Activity: Pull every line that includes the word "White" from the data.

Source material:
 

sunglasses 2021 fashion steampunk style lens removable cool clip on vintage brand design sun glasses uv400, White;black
* * *
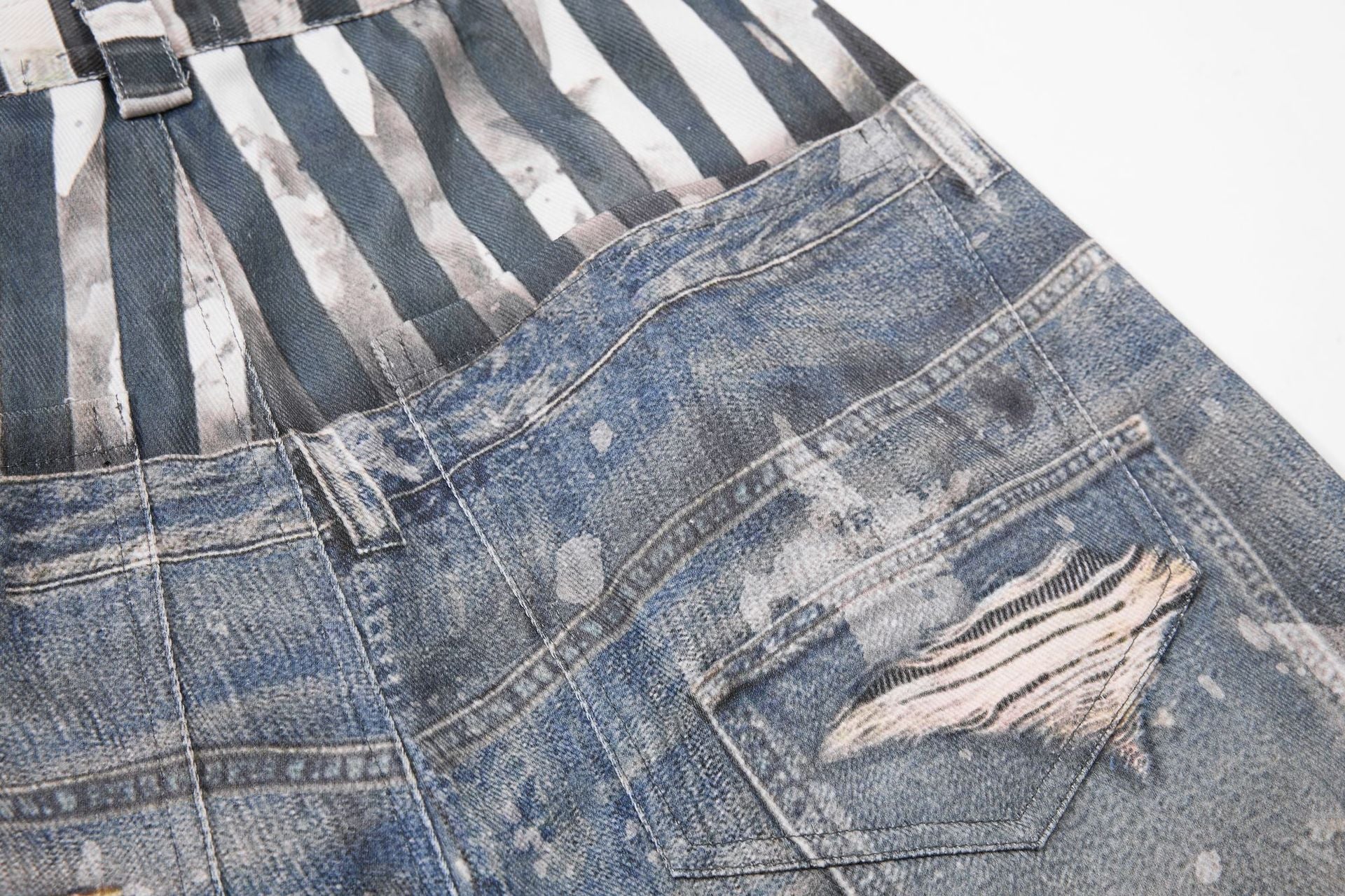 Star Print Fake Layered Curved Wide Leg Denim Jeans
* * *
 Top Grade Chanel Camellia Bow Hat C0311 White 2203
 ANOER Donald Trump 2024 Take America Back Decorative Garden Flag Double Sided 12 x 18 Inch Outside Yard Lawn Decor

Response:
sunglasses 2021 fashion steampunk style lens removable cool clip on vintage brand design sun glasses uv400, White;black
 Top Grade Chanel Camellia Bow Hat C0311 White 2203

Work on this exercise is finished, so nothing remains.